There are still regressions compared to cg_llvm, but most of the incremental compilation times have improved compared to cg_llvm.

Results

![image](https://user-images.githubusercontent.com/17426603/76462316-c315d200-63e1-11ea-8f0a-9e71595cb7d9.png)

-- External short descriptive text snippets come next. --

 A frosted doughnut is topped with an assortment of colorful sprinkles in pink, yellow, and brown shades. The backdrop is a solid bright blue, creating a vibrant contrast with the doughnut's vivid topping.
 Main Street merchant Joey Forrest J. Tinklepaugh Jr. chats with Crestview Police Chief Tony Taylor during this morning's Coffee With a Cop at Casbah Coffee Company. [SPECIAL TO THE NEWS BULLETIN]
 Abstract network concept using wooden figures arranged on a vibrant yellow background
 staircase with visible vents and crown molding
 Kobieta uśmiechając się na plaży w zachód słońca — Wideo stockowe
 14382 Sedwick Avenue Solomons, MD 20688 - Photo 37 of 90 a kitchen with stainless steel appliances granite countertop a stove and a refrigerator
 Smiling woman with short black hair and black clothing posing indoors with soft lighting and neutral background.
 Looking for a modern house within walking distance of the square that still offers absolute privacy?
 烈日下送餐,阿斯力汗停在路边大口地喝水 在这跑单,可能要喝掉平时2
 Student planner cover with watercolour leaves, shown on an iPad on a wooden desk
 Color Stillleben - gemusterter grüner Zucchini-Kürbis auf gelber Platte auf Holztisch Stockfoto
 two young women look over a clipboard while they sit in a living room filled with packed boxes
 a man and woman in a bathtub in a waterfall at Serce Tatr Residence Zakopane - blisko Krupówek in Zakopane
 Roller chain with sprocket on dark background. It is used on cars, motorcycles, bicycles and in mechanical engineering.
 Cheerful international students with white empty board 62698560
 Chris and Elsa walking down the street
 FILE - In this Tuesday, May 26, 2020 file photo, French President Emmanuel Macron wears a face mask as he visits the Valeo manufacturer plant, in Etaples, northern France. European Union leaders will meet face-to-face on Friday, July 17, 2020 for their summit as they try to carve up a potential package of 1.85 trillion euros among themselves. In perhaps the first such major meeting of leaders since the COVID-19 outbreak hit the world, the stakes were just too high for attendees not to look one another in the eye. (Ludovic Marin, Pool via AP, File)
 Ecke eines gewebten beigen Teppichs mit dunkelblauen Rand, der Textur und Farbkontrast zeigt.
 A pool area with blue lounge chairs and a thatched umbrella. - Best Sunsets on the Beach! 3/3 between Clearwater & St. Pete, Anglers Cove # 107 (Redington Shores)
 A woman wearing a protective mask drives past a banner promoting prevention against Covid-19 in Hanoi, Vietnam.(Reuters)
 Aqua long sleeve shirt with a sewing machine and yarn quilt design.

bjorn3 commented 4 years ago

New patch for the collector:

diff --git a/collector/src/bin/rustc-perf-collector/execute.rs b/collector/src/bin/rustc-perf-collector/execute.rs
index 9aa2cc48..1caecc8c 100644
--- a/collector/src/bin/rustc-perf-collector/execute.rs
+++ b/collector/src/bin/rustc-perf-collector/execute.rs
@@ -203,13 +203,20 @@ impl<'a> CargoProcess<'a> {
     fn run_rustc(&mut self) -> anyhow::Result<()> {
         loop {
             let mut cmd = self.base_command(self.cwd, "rustc");
+            cmd.env("RUSTFLAGS", "-Cpanic=abort \
+            -Zcodegen-backend=/home/bjorn/Documenten/cg_clif/target/release/librustc_codegen_cranelift.so \
+            --sysroot /home/bjorn/Documenten/cg_clif/build_sysroot/sysroot");
+            cmd.arg("--target").arg("x86_64-unknown-linux-gnu");
             cmd.arg("-p").arg(self.get_pkgid(self.cwd));
+            cmd.env("CG_CLIF_INCR_CACHE", "1");
             match self.build_kind {
                 BuildKind::Check => {
+                    return Ok(());
                     cmd.arg("--profile").arg("check");
                 }
                 BuildKind::Debug => {}
                 BuildKind::Opt => {
+                    return Ok(());
                     cmd.arg("--release");
                 }
             }

Edit: Flipped the default of incr caching of object files in 198037119520d8cccafdc1fd511164c63d741aed, so the old patch is correct again.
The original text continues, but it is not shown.